Descripción de un nuevo tipo de vesícula de membrana externa en bacterias gramnegativasimplicaciones en el contenido de dna y rna

Resumen

A structural study performed by transmission electron microscopy (TEM) after high-pressure freezing followed by freeze substitution (HPF-FS) of bacterial samples and Cryo-TEM, have revealed that Gram-negative bacteria naturally releases a more complex type of vesicle, termed Outer–Inner Membrane Vesicle (O-IMVs). Its formation is characterized by the protrusion of both outer and inner membranes, dragging along cytoplasmic component into vesicles. The presence of DNA inside this new type of vesicle was confirmed by gold DNA immunolabeling with a specific monoclonal IgM against double-stranded DNA. The production of these O-IMVs explains the presence of components from cytoplasm in membrane vesicles (MVs) and opens up new areas of study their functionality. Recently, small RNA (sRNAs) have emerged as crucial regulators in bacterial physiology. Several studies have reported the presence of sRNAs inside vesicles, but their role is still unknown. To characterize the RNA content in MVs from Pseudomonas aeruginosa PAOA1 a transcriptomic analysis from RNA obtained from vesicles and cells was conducted. The study reveals that MVs are enriched in RNAs ranging from 40 to 80 nt, which corresponds mainly to tRNAs. Moreover, the RNA-seq from vesicles obtained at different points of PAO1 growth curve was performed, showing that that vesicles containing RNA are produced before starting the transition from exponential to stationary growth phase. Our findings suggest that sRNAs are selectively packaged into MVs and actively secreted. Finally, a structural study was performed to characterize a tolR mutant derived from the probiotic strain Escherichia coli Nissle to confirm the “hypervesiculating” phenotype.
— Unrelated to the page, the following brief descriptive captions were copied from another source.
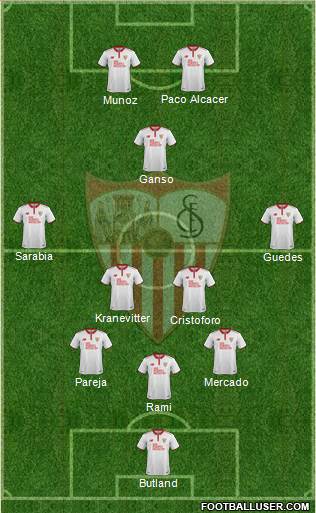 Sevilla F.C., S.A.D. Formation 2017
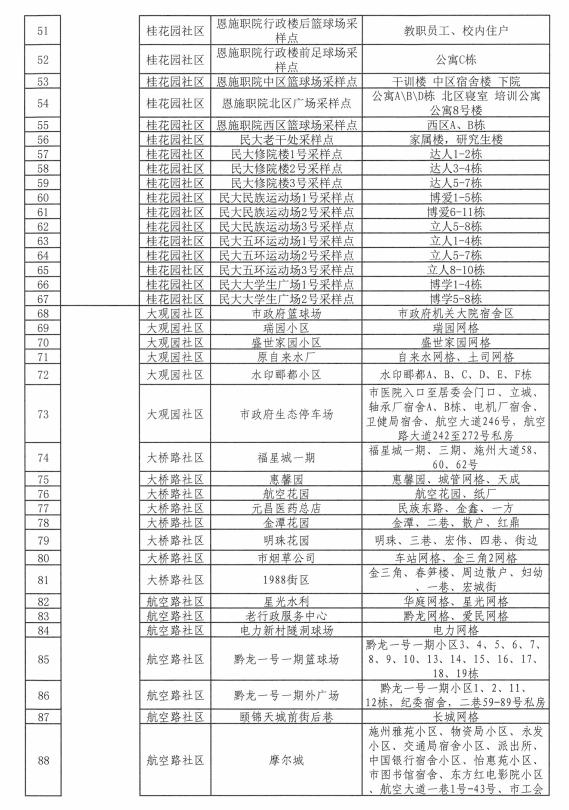 长葛疫情属于什么地区呢/长葛疫情防控指挥部通告-第2张图片
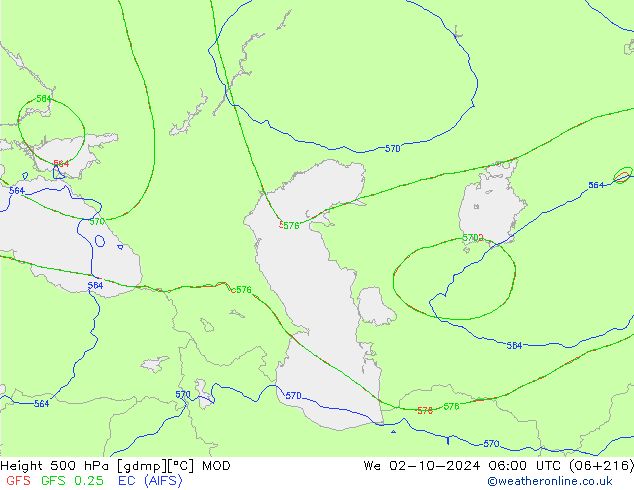 Height 500 hPa MOD  02.10.2024 06 UTC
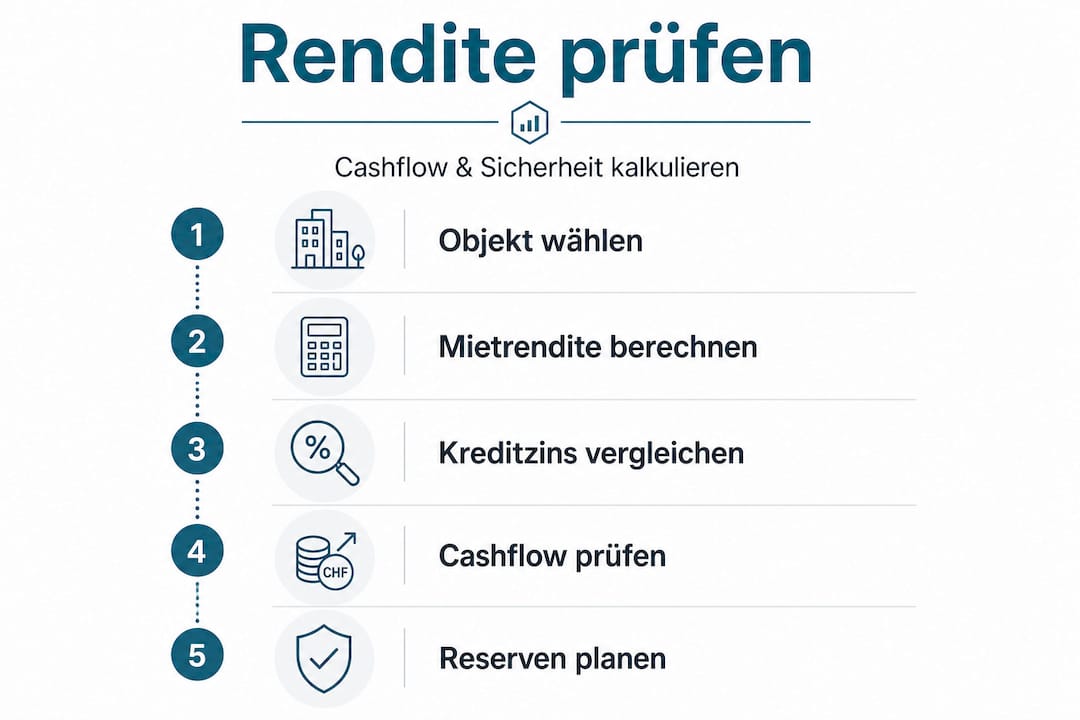 Infografik: So prüfen Sie, ob sich der Immobilienkauf wirklich lohnt – die wichtigsten Schritte im Überblick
TEM observation after HPF-FS of bacterial samples, together with cryo-TEM observation of plunge-frozen hydrated isolated MVs showed considerable structural heterogeneity in the EcN tolR samples. Moreover, experiments of MV uptake in Caco-2 cells using rhodamine evidenced that EcN tolR MVs displayed reduced internalization levels compared to the EcN wild-type MVs. These findings indicate that heterogenicity of MVs from EcN tolR mutants may have a major impact on vesicle functionality.